Next up, how to construct conditional AND using the dot metacharacter and quantifiers.

# match 'Error' followed by zero or more characters followed by 'valid'
>>> bool(re.search(r'Error.*valid', 'Error: not a valid input'))
True

>>> bool(re.search(r'Error.*valid', 'Error: key not found'))
False

To allow matching in any order, you'll have to bring in alternation as well. That is somewhat manageable for 2 or 3 patterns. See the Conditional AND with lookarounds section for an easier approach.

>>> s1 = 'cat and dog and parrot'
>>> s2 = 'dog and cat and parrot'
>>> pat = re.compile(r'cat.*dog|dog.*cat')

>>> pat.sub('X', s1)
'X and parrot'
>>> pat.sub('X', s2)
'X and parrot'

If you just need a boolean result, the all() function would be scalable and easier to use.

>>> s1 = 'cat and dog and parrot'
>>> s2 = 'dog and cat and parrot'
>>> patterns = (r'cat', r'dog')

>>> all(re.search(p, s1) for p in patterns)
True
>>> all(re.search(p, s2) for p in patterns)
True

What does greedy mean?

When you use the ? quantifier, how does Python decide to match 0 or 1 times, if both quantities can satisfy the RE? For example, consider the expression re.sub(r'f.?o', 'X', 'foot') — should foo be replaced or fo?
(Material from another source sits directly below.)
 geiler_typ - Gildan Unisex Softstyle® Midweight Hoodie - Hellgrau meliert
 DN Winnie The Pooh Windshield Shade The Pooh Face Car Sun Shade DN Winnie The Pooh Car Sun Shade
It will always replace foo, because these are greedy quantifiers, i.e. they try to match as much as possible.

>>> re.sub(r'f.?o', 'X', 'foot')
'Xt'

# a more practical example
# prefix '<' with '\' if it is not already prefixed
# both '<' and '\<' will get replaced with '\<'
# note the use of raw string for all the three arguments
>>> print(re.sub(r'\\?<', r'\<', r'table \< fig < bat \< box < cake'))
table \< fig \< bat \< box \< cake

# say goodbye to r'handful|handy|hand' shenanigans
>>> re.sub(r'hand(y|ful)?', 'X', 'hand handy handful')
'X X X'

But wait, how did the r'Error.*valid' example work? Shouldn't .* consume all the characters after Error? Good question. The regular expression engine actually does consume all the characters. Then realizing that the match failed, it gives back one character from the end of string and checks again if the overall RE is satisfied. This process is repeated until a match is found or failure is confirmed. This is known as backtracking.
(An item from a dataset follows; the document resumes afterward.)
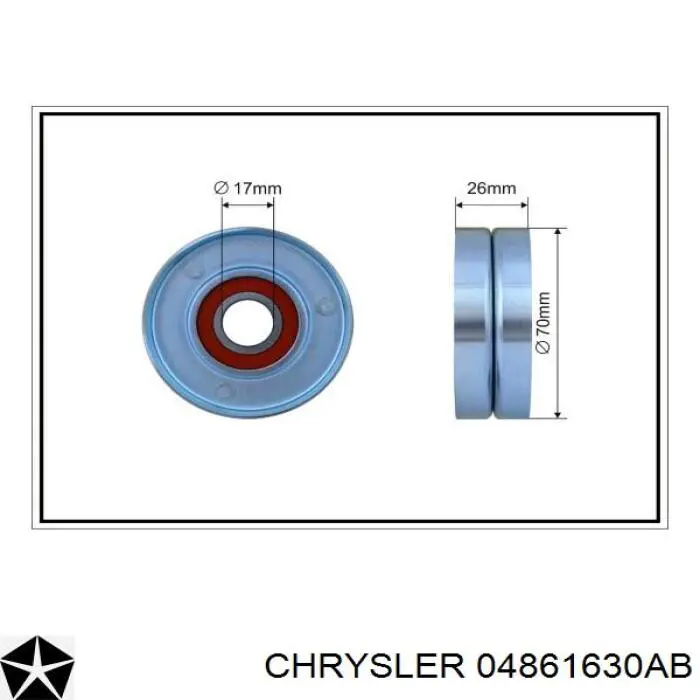 04861630AB Chrysler натяжитель приводного ремня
>>> sentence = 'that is quite a fabricated tale'

# r't.*a' will always match from the first 't' to the last 'a'
# which implies that there cannot be more than one match for such patterns
>>> re.sub(r't.*a', 'X', sentence)
'Xle'
>>> re.sub(r't.*a', 'X', 'star')
'sXr'

# matching first 't' to last 'a' for 't.*a' won't work for these cases
# so, the engine backtracks until the overall RE can be matched
>>> re.sub(r't.*a.*q.*f', 'X', sentence)
'Xabricated tale'
>>> re.sub(r't.*a.*u', 'X', sentence)
'Xite a fabricated tale'

Non-greedy quantifiers

As the name implies, these quantifiers will try to match as minimally as possible. Also known as lazy or reluctant quantifiers. Appending a ? to greedy quantifiers makes them non-greedy.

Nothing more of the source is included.